RECORDED INFORMATION —
━━━━━━━━━━

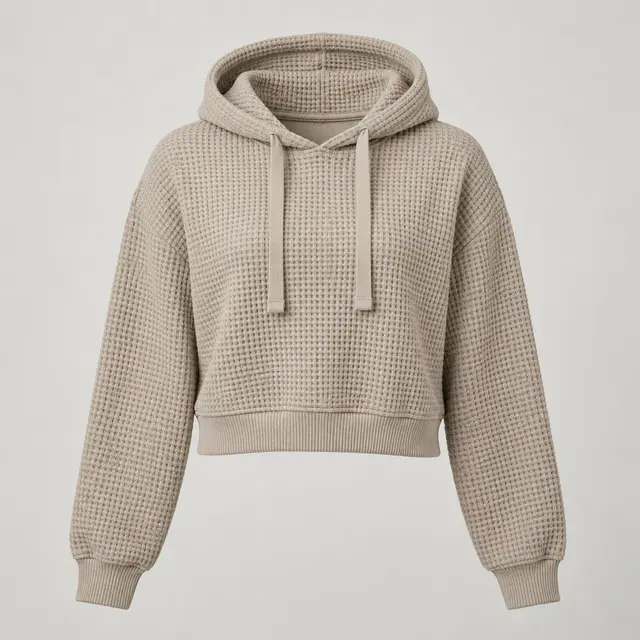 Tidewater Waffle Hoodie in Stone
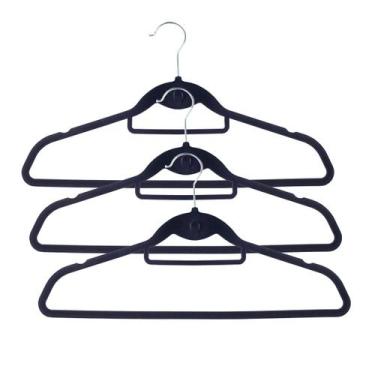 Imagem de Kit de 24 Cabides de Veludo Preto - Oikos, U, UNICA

━━━━━━━━━━

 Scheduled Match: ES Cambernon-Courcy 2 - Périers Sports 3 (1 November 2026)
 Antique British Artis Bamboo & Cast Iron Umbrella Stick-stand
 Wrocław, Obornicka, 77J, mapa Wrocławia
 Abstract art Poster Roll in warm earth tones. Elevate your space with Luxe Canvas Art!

━━━━━━━━━━

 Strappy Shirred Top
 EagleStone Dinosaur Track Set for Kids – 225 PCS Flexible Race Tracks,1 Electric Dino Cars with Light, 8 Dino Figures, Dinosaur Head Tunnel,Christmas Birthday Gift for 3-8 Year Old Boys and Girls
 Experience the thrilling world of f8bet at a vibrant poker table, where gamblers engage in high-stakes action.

━━━━━━━━━━

EXERCISE OBJECTIVE —
From the records above, return each line that includes "with".

ANSWER SECTION —
 Abstract art Poster Roll in warm earth tones. Elevate your space with Luxe Canvas Art!
 EagleStone Dinosaur Track Set for Kids – 225 PCS Flexible Race Tracks,1 Electric Dino Cars with Light, 8 Dino Figures, Dinosaur Head Tunnel,Christmas Birthday Gift for 3-8 Year Old Boys and Girls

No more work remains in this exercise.